(Captioned web image data)
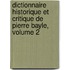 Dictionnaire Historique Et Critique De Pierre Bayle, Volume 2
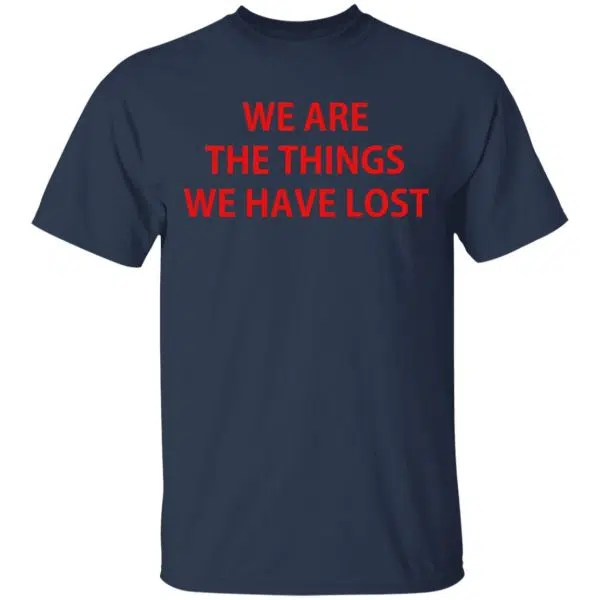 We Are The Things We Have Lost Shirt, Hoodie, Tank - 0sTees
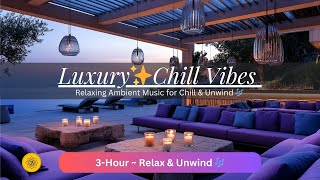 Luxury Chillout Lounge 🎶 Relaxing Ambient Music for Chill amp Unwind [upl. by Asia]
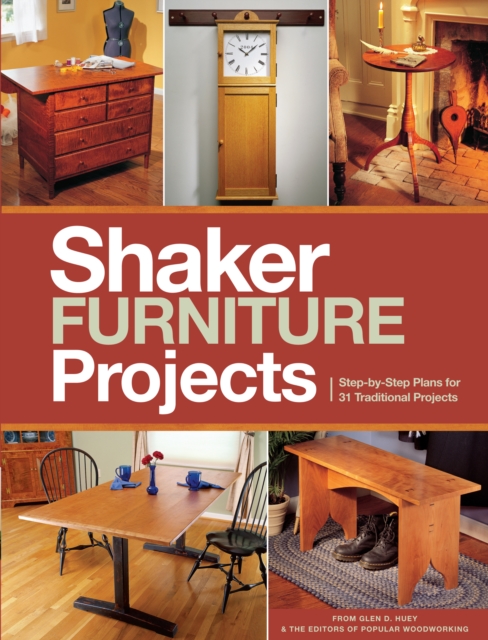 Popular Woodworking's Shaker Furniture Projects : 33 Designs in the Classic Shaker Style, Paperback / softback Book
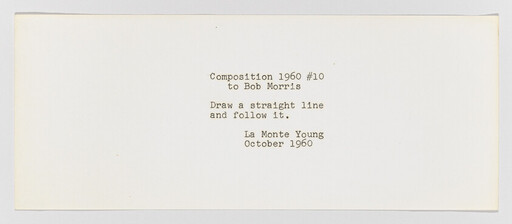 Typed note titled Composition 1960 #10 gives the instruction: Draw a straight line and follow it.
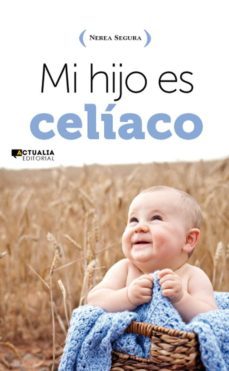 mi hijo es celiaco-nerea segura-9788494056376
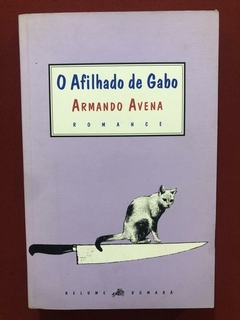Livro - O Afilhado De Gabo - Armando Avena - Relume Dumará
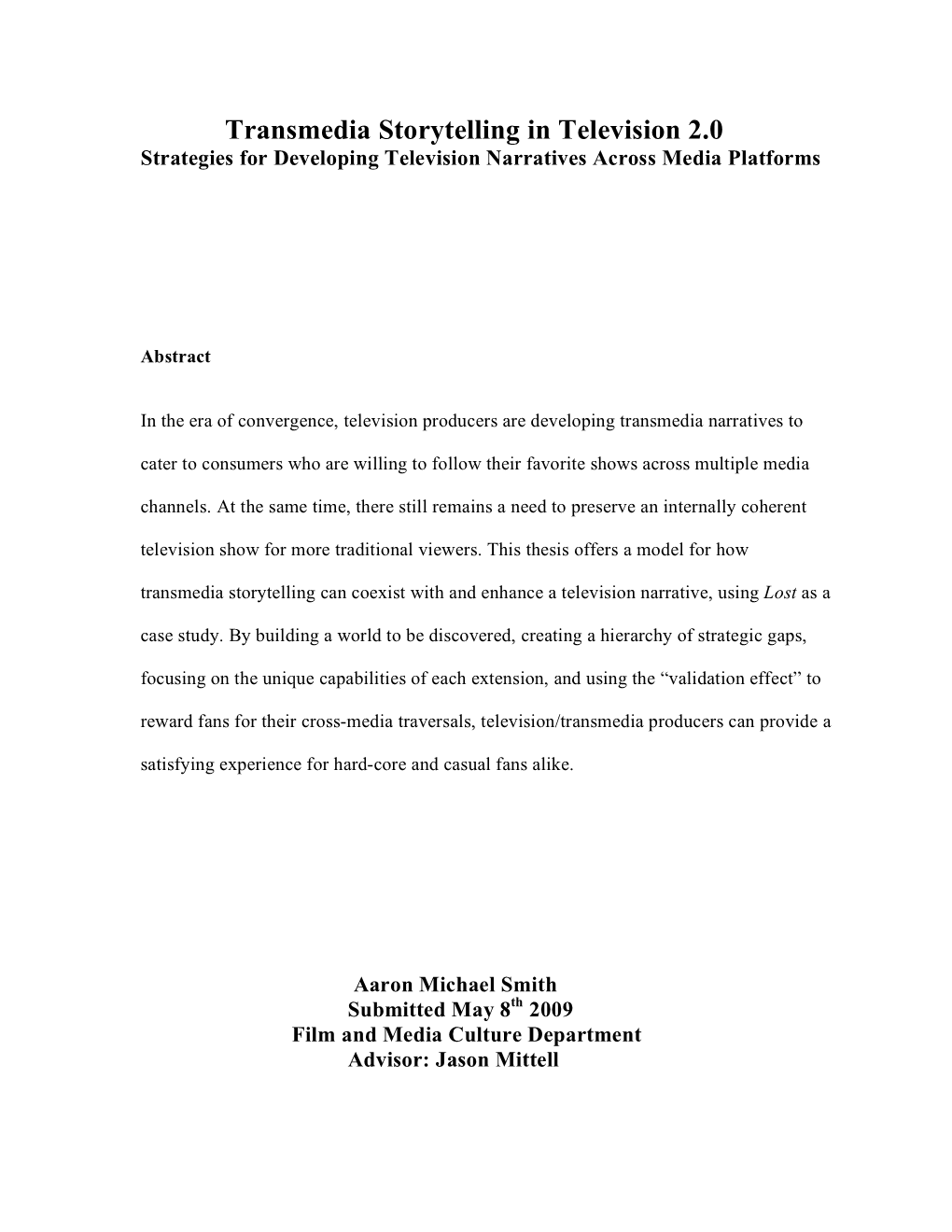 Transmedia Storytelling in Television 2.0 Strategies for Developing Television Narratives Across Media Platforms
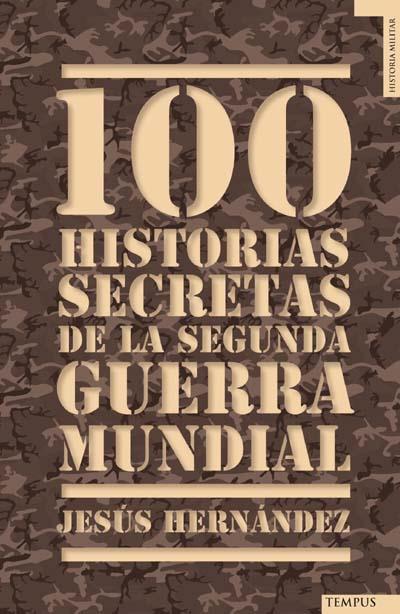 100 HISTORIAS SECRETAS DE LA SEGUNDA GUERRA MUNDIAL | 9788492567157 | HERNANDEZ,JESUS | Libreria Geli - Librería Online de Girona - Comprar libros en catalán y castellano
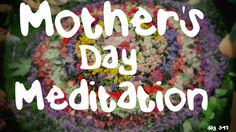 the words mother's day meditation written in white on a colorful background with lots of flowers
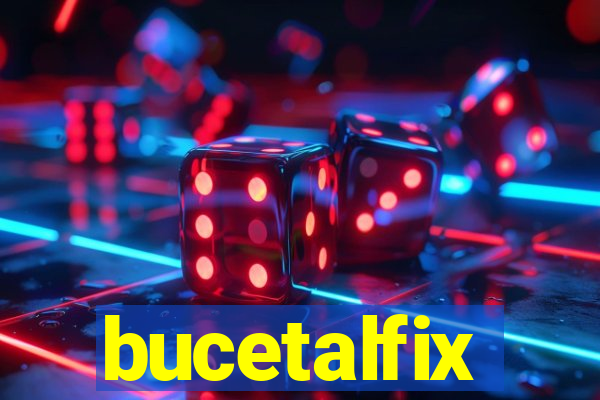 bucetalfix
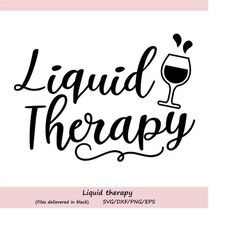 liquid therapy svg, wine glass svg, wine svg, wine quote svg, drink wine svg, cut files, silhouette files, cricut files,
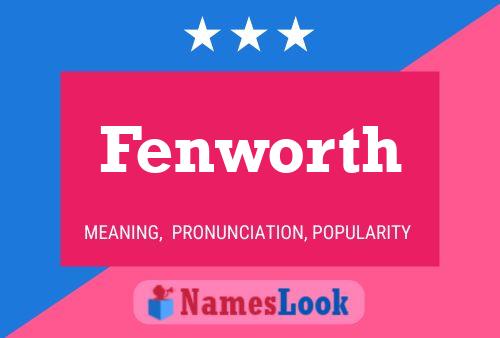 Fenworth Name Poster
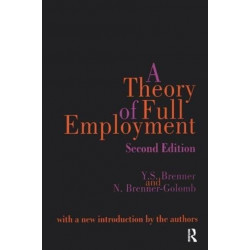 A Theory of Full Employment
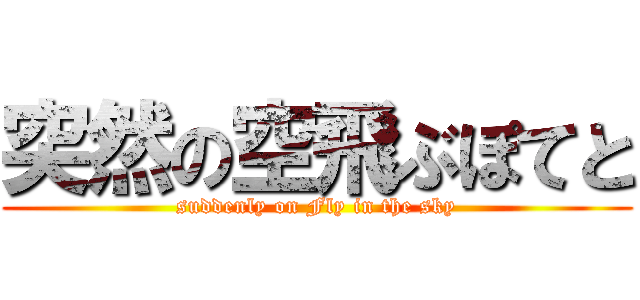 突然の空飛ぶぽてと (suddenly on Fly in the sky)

• [What you need to do]:
Would you set down the records exactly, with no pictures included?

• [Solution to this task]:
 Dictionnaire Historique Et Critique De Pierre Bayle, Volume 2
 We Are The Things We Have Lost Shirt, Hoodie, Tank - 0sTees
 Luxury Chillout Lounge 🎶 Relaxing Ambient Music for Chill amp Unwind [upl. by Asia]
 Popular Woodworking's Shaker Furniture Projects : 33 Designs in the Classic Shaker Style, Paperback / softback Book
 Typed note titled Composition 1960 #10 gives the instruction: Draw a straight line and follow it.
 mi hijo es celiaco-nerea segura-9788494056376
Livro - O Afilhado De Gabo - Armando Avena - Relume Dumará
 Transmedia Storytelling in Television 2.0 Strategies for Developing Television Narratives Across Media Platforms
 100 HISTORIAS SECRETAS DE LA SEGUNDA GUERRA MUNDIAL | 9788492567157 | HERNANDEZ,JESUS | Libreria Geli - Librería Online de Girona - Comprar libros en catalán y castellano
 the words mother's day meditation written in white on a colorful background with lots of flowers
 bucetalfix
 liquid therapy svg, wine glass svg, wine svg, wine quote svg, drink wine svg, cut files, silhouette files, cricut files,
 Fenworth Name Poster
 A Theory of Full Employment
 突然の空飛ぶぽてと (suddenly on Fly in the sky)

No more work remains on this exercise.